» **The task**
The result should be the listing below, restated exactly, with its pictures left out.

» **Given material**

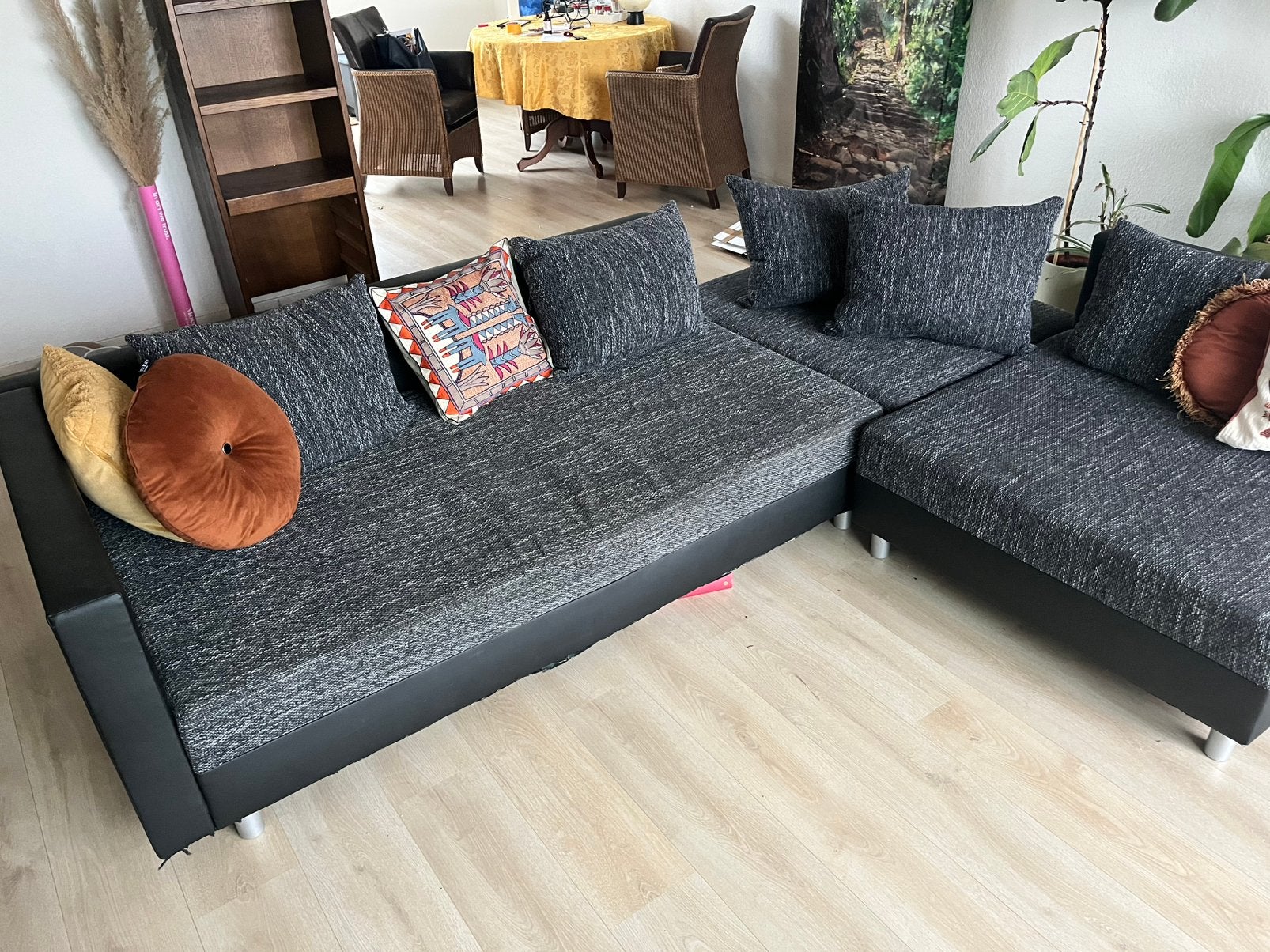 Hoekbank - gebruikt - gratis - zwartgrijs, Huis en Inrichting, Banken | Complete zithoeken, Ophalen, Zo goed als nieuw, Hout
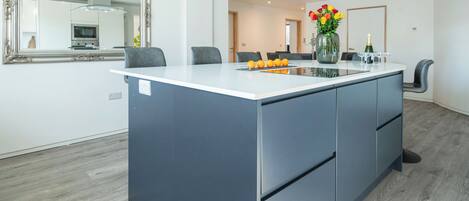 Dishwasher, high chair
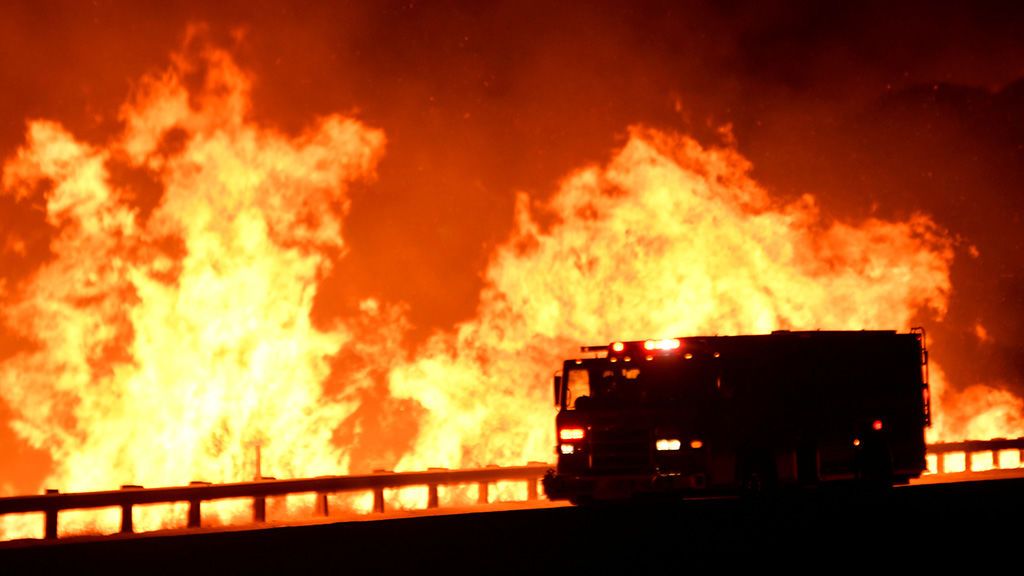 Los incendios de California se trasladan a Méjico y dejan tres fallecidos Los incendios de California se trasladan a Méjico y dejan tres fallecidos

» **Problem solution**
 Hoekbank - gebruikt - gratis - zwartgrijs, Huis en Inrichting, Banken | Complete zithoeken, Ophalen, Zo goed als nieuw, Hout
 Dishwasher, high chair
 Los incendios de California se trasladan a Méjico y dejan tres fallecidos Los incendios de California se trasladan a Méjico y dejan tres fallecidos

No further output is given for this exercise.